Here is the next five:
1. This will be short.
Whether an announcement or a devotional thought, this is hardly ever the case. “Short announcement” is an oxymoron. When someone shows up to your event/program/worship service asking if they “can make a short announcement” look at them, tell them to hold on for a minute and run away. You can always ask for forgiveness later.
2. In conclusion.
Preaching a sermon is like flying a plane. The conclusion of the sermon is like landing a plane. You know what happens when you fly a plane in circles and do not land? It crashes and burns. Hence the smoke smell you perceive in your clothes after you preach. You know who you are.
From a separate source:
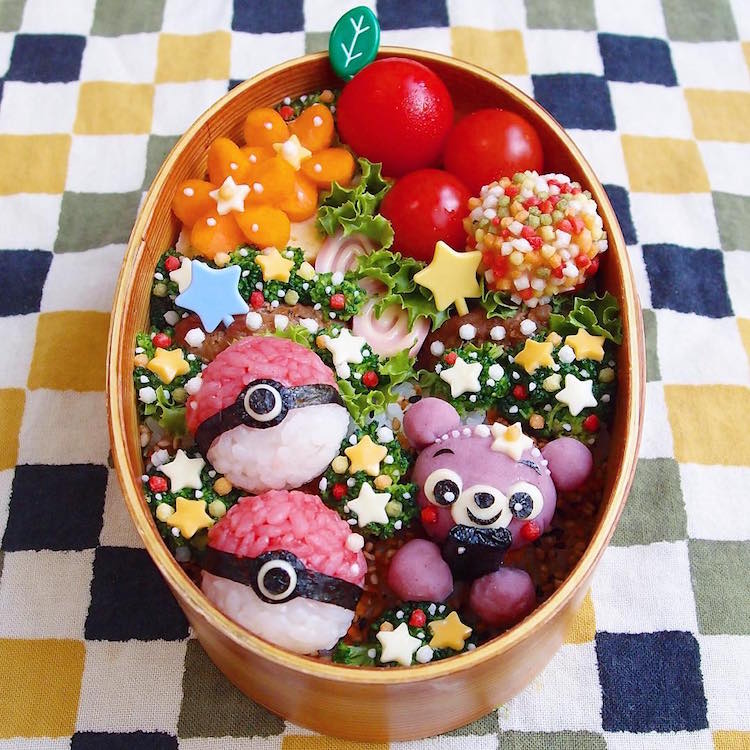 Bento Box Art Inspired by Colorful Pop Culture Characters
Land the plane!
3. As far as possible, kneel.
This one I heard this week from a colleague at the Union, it’s one of his pet peeves with worship. He says: “I did not know you could go past the floor. What do you mean as far as possible?”
4. To make a long story short.
Too late. Usually by the time that statement is made, the story is already long. This phrase is a cousin of #1 (see above). This is especially disturbing when it’s the fifth time you have heard that story. Spouses, I feel your pain.
5. Will the visitors please stand? You are the flowers of our church.
This phrase contains three crucial mistakes.
- Visitors. A better word is guest.
- Stand. No one likes that. Proven by data, surveys, science. No one.
- Flowers: Imagine a church with members from Mexico (or any other country). This one guy shows up as a guest with the belt, the hat and the boots. A man’s man. A macho man. He was a recognized from the front. He was called a flower. He never returned.